When a laymen begins their studies of the Trinity, church father Augustine made a helpful saying that comes to mind. “anyone who denies the Trinity is in danger of losing her salvation, but anyone who tries to understand the Trinity is in danger of losing her mind.”
There are good reasons for the complexity of questions and at times the absurd conclusions in place of the doctrine of the Trinity. Ultimately it is often confusing to me how some get this concept so wrong when it is so clearly implied in Scripture and in our face (literally) when it comes to the Incarnation.
The common error the heretics make against the Trinity is to observe it wasn’t in full blown form till it was spelled out in the fourth century at two great ecumenical councils (Nicea 325 and Constantinople 381).
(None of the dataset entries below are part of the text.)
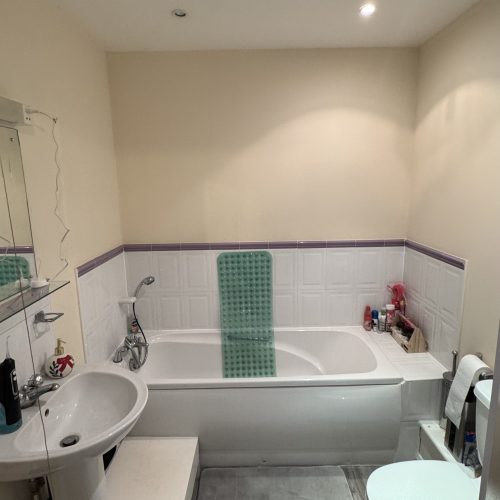 2 Bedroom Apartment with 2 Bathrooms Balcony underground parking Greenford UB6 0AJ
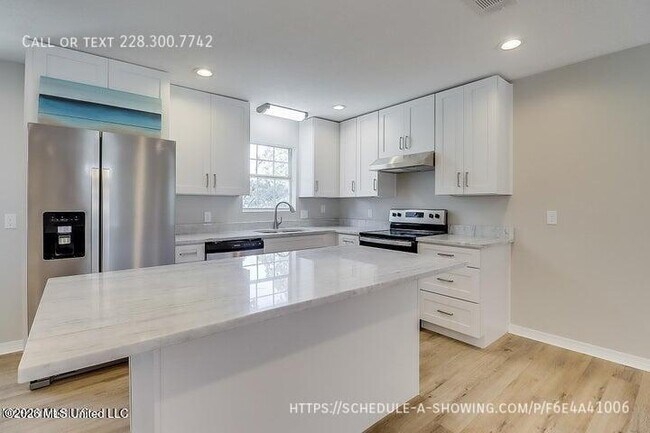 Foto del edificio - 912 Maple St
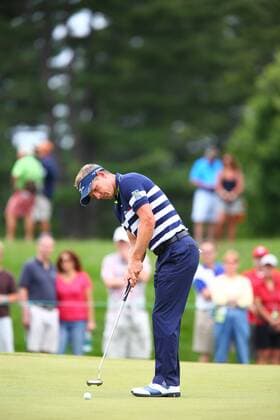 Aktuell Golf, PGA Tour, Travelers Championship in Cromwell June 27, 2015 - Cromwell, Connecticut, U.S - Luke Donald attempts a put on the second green during the third round of the Travelers Championship at TPC River Highlands in Cromwell, Connecticut. Golf 2015 - Travelers Championship - Round 3 - ZUMAc119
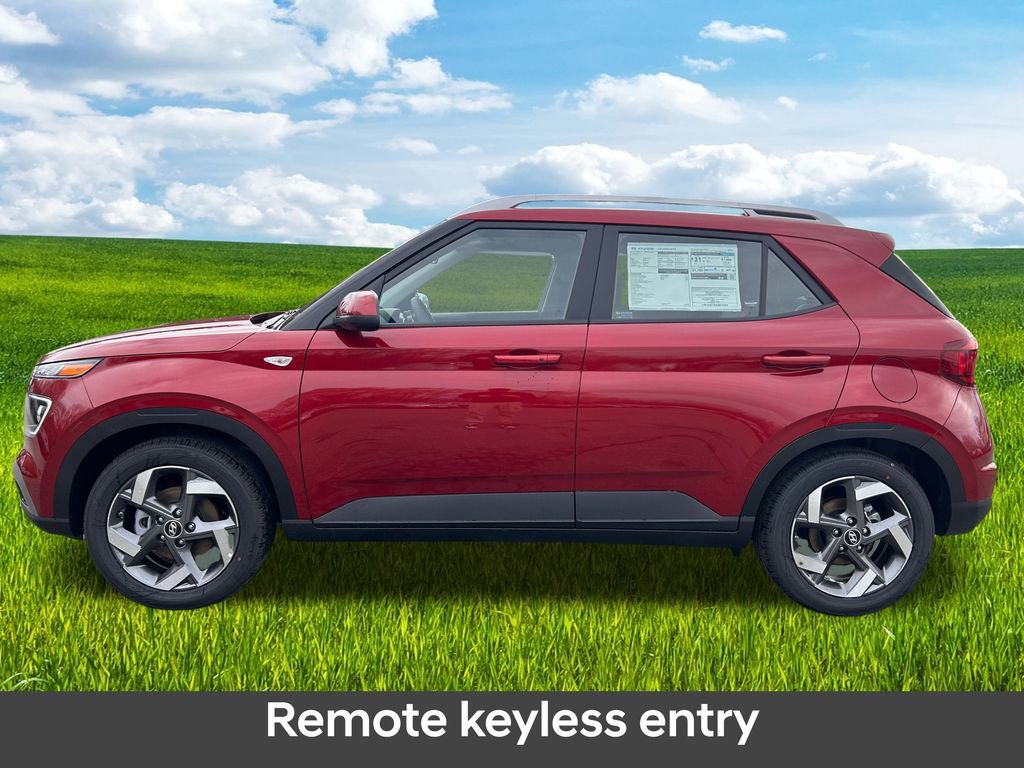 New 2025 Hyundai Venue Limited image 3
What the non-believer doesn’t realize is that many doctrines didn’t have to be refined till heresy came about and the early church father were constantly exegeting Scripture to combat and refute heretical claims. So while we don’t really struggle with the fact that Jesus was a man who walked in the flesh, first century skeptics did. And while we don’t argue over the canonicity of pseudopigrapha texts the early church did.
When people are shocked to hear that people today call themselves Christian but don’t hold to the doctrine of the Trinity, they should understand ultimately that this isn’t anything new at all. It is only something old wearing a new hat. Trinitarian doctrine needs to be instilled constantly in our services and in our preaching. Our preaching ought to make people think on the Trinity weekly if not daily.